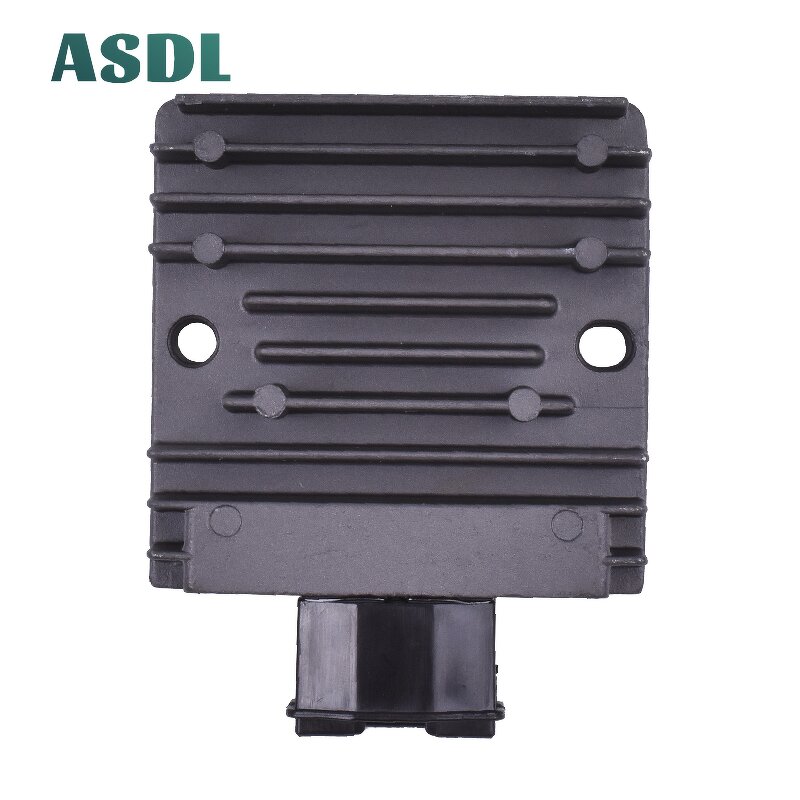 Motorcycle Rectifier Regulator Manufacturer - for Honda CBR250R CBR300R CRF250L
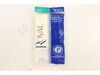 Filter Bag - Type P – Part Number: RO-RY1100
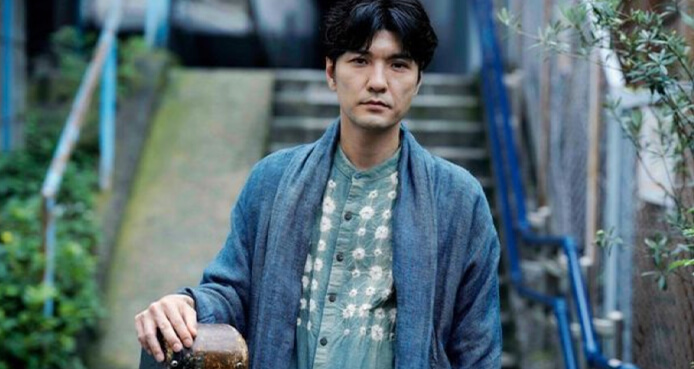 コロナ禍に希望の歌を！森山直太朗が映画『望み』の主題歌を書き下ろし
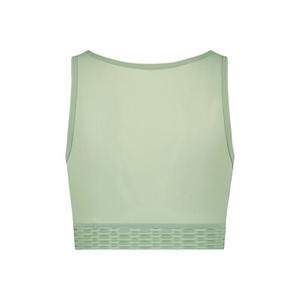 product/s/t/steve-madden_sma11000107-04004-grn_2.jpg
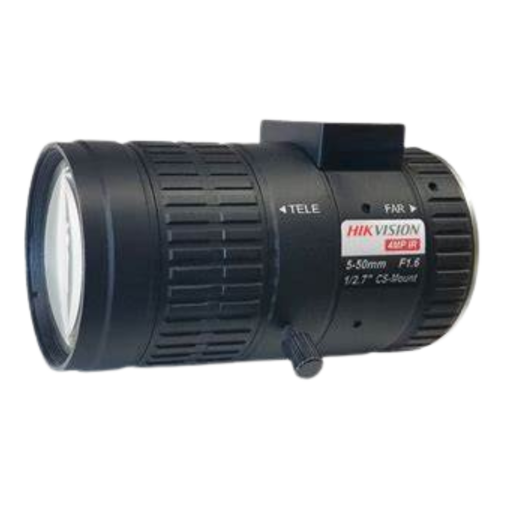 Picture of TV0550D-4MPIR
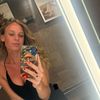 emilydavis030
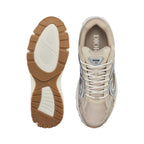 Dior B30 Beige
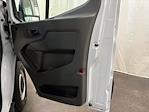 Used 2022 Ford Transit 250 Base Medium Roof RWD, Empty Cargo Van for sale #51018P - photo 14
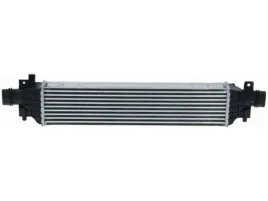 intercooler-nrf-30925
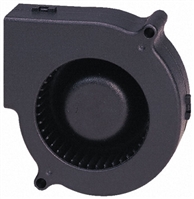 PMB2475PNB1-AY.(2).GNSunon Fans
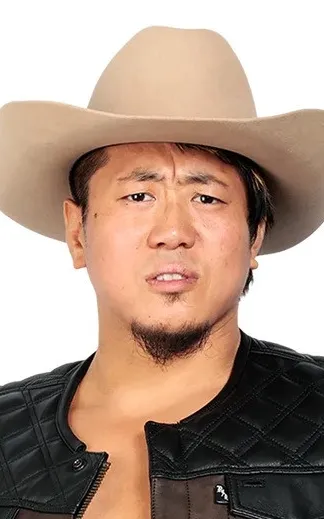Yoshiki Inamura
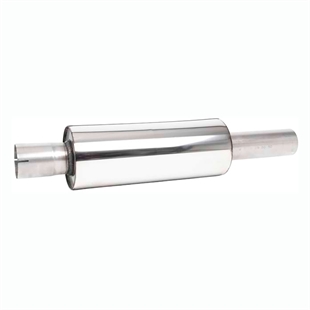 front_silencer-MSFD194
* * * * *
_Aim of the task_
Could you reproduce the data above exactly, without its pictures?

_Exercise result_
 Motorcycle Rectifier Regulator Manufacturer - for Honda CBR250R CBR300R CRF250L
 Filter Bag - Type P – Part Number: RO-RY1100
 コロナ禍に希望の歌を！森山直太朗が映画『望み』の主題歌を書き下ろし
 product/s/t/steve-madden_sma11000107-04004-grn_2.jpg
 Picture of TV0550D-4MPIR
 emilydavis030
 Dior B30 Beige
 Used 2022 Ford Transit 250 Base Medium Roof RWD, Empty Cargo Van for sale #51018P - photo 14
 intercooler-nrf-30925
 PMB2475PNB1-AY.(2).GNSunon Fans
Yoshiki Inamura
 front_silencer-MSFD194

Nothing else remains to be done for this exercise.